En moyenne, les PSE des 27 exploitations volontaires participantes ont été financés par l’Agence de l’eau à 100 %, à hauteur de 155 euros à l’hectare par an, pour un total de 3,1 millions d’euros.

« Les exploitants sont rétribués en fonction des résultats de l’avancement de leurs projets », souligne Denis Jacquin, élu en charge de l’eau à GBM, pour La Relève et La Peste.

Ces 27 exploitations, qui représentent une surface agricole totale d’environ 4 000 hectares, se situent dans des aires de captage d’eau qui alimentent une grande partie des habitants de la région.

Les frontières du dispositif s’étendent au-delà du GBM, le but étant de préserver les ressources stratégiques en eau potable, la biodiversité, ainsi que la qualité des cours d’eau du Doubs, de la Loue et de l’Ognon.

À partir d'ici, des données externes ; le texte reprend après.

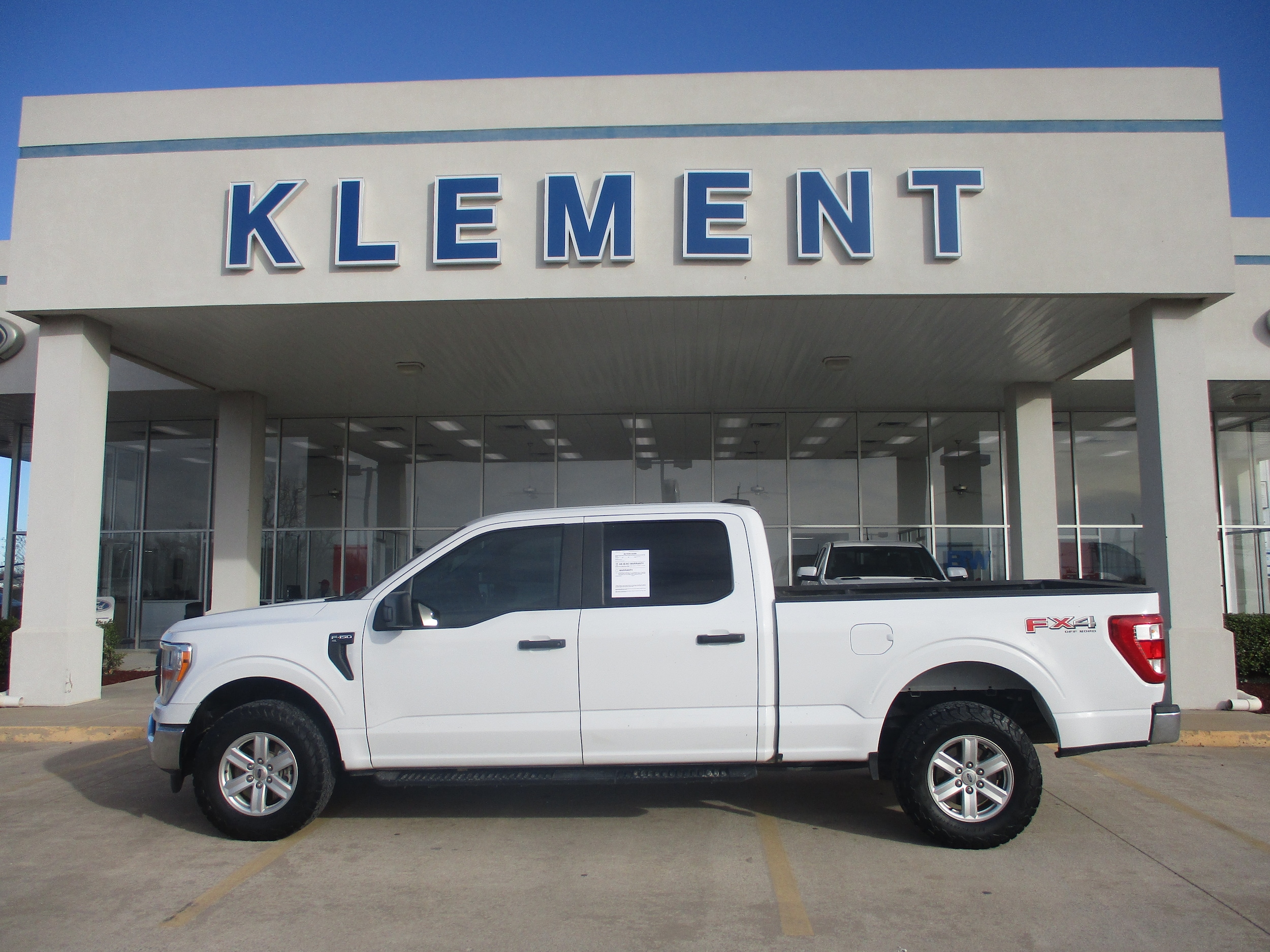 2022 Ford F-150 XL's photo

Parmi ces ressources stratégiques, l’on retrouve la source d’Arcier et son aire d’alimentation de captage de l’eau potable. « Il s’agit de la source historique de Besançon qui couvre 40 % des besoins des Bisontins, les Romains ont été les premiers à l’utiliser », souligne Christian Impéras, directeur Exploitation du département eau et assainissement de GBM, pour La Relève et La Peste.

La ferme des Champs Colots de Nicolas Girard, l’un des exploitants volontaires, est située au niveau de la zone du Puit de Saint-Vit, une autre ressource stratégique pour l’eau.

« J’ai un champ qui se trouve devant la station de pompage. C’est une parcelle où je mets de l’herbe ou bien je cultive du blé pour ressemer de l’herbe ensuite, mais sans traitement », indique l’exploitant pour La Relève et La Peste.

L’agriculteur pratique la polyculture-élevage, un modèle agricole combinant cultures végétales et production animale.

« J’ai une centaine d’hectares avec 40 vaches laitières en lait standard et j’ai un atelier d’engraissement de génisses pour la viande. Et je cultive du blé, de l’orge, du soja et du maïs », raconte Nicolas Girard.

« Quand je me suis installé il y a quatre ans, j’avais en tête de passer en bio, mais j’ai renoncé pour des raisons économiques. Alors quand l’expérimentation des PSE est arrivée, j’ai sauté sur l’occasion car elle allait dans le sens de ce que je voulais faire : réduire les intrants et avoir des pratiques plus vertueuses. »

Source d’Arcier – © Communauté Urbaine de Grand Besançon Métropole

L’entretien des haies

Les exploitations ont bénéficié de l’appui logistique de la Chambre interdépartementale d’agriculture Doubs-Territoire de Belfort et de la Fédération départementale des Chasseurs du Doubs.

« Ce sont ces organismes qui réalisent le travail sur le terrain, en assurant la formation et le suivi tout au long du programme des exploitations », explique Denis Jacquin, précisant que des protocoles spécifiques ont été définis, notamment concernant les oiseaux, les vers de terre ou encore les papillons…

Pour l’essentiel, les pratiques mises en place comprenaient la réimplantation de linéaires de haies, la rotation des cultures et l’allongement des rotations, ainsi que la réduction des intrants, comme les herbicides et les engrais azotés.

« Je ne mettais déjà pas beaucoup d’engrais et j’avais déjà une rotation des cultures assez élevée. Le programme m’a ainsi permis d’être rémunéré pour ce que je faisais déjà de bien, tout en me permettant d’aller plus loin », note Nicolas Girard.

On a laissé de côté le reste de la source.